Charred earth was also found at sites dating back to the Yangshao period in China, and were widely assumed to be a type of consolidated building material.
According to Wen, however, in Dobrovat, the condition of the 20-centimeter-thick blocks of earth-some of them vitrified at a temperature of over 1,000 C-instead suggested that these dwellings had been deliberately burned to the ground.
"It's likely that these intense fires were not accidentally caused by war or looting," he says. "This may reveal that certain religious rituals took place when people abandoned their homes. This inspired our future studies into similar phenomenon in China."
Since no Cucuteni culture graveyards have yet been discovered, Wen further speculated that Cucuteni burial customs may have dictated that people were burned together with their houses after they had died.
"After being inhabited for years, the houses were no longer treated as wood and earth," Wen says. "Instead, they were thought to be 'alive'-and something spiritual."
He says he has learned a lot from his Romanian colleagues.
"When we conducted careful and detailed analysis of these earth structures, just like examining and rebuilding the broken pottery discovered there, they helped us reconstruct the original appearance of these dwellings and reveal an abundance of easily overlooked historical information."
Chinese archaeologists will also help to solve problems at the site.
Since two-thirds of the Dobrovat site is covered by thick forest, most electronic detectors don't work there. Wen says they will take a "Luoyang spade"-a traditional tube-shaped testing tool widely used by Chinese archaeologists to examine the layers of soil to locate possible underground relics-to Dobrovat for the second phase of excavations later this year.

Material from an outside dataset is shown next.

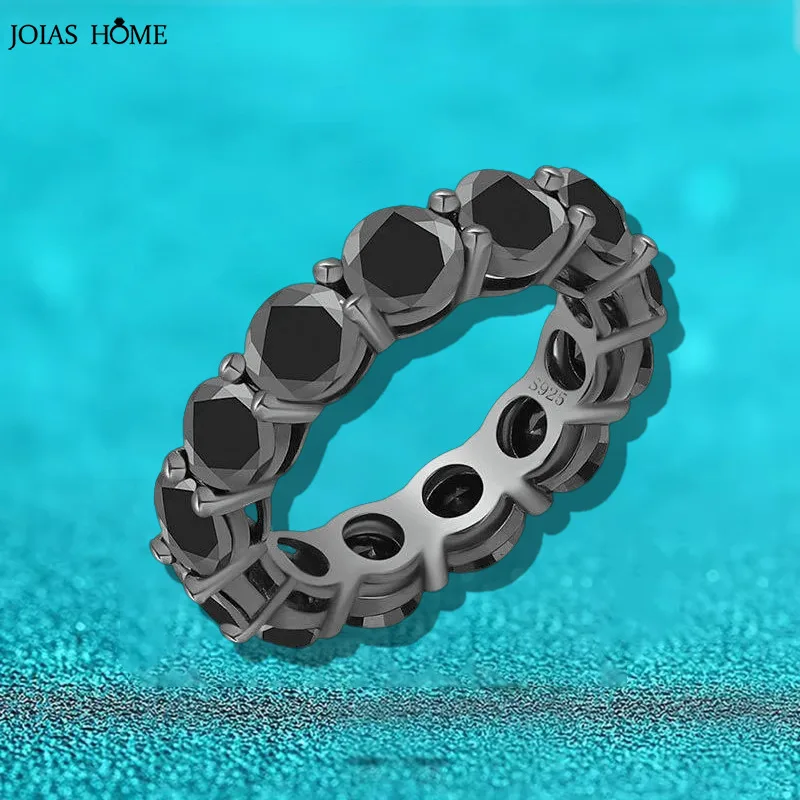 JH 5 مللي متر 925 فضة خاتم أسود للنساء الرجال القوطية الهيب هوب خاتم الزواج الأسود فارس D VVS1 غرامة مجوهرات مختبر الماس #1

Although two months seemed too short a time to completely answer the questions raised by Andersson a century ago, Wen says the hypothesis of communication between the Cucuteni and Yangshao cultures, separated by 7,000 kilometers, seems improbable.
"It was our romantic imagination before we did field research in Dobrovat," he says. "However, despite the similar patterns on the colorful pottery, other unearthed objects from the two cultures appear markedly different.
"Nevertheless, their apparent 'similarities'-even the patterns of colorful potteries-seem to reflect that people in different regions shared paths in social development carried over from Neolithic times to the Bronze Age. Comparative cross-cultural studies require an insight into historical precedents rather than by simply examining scattered signals."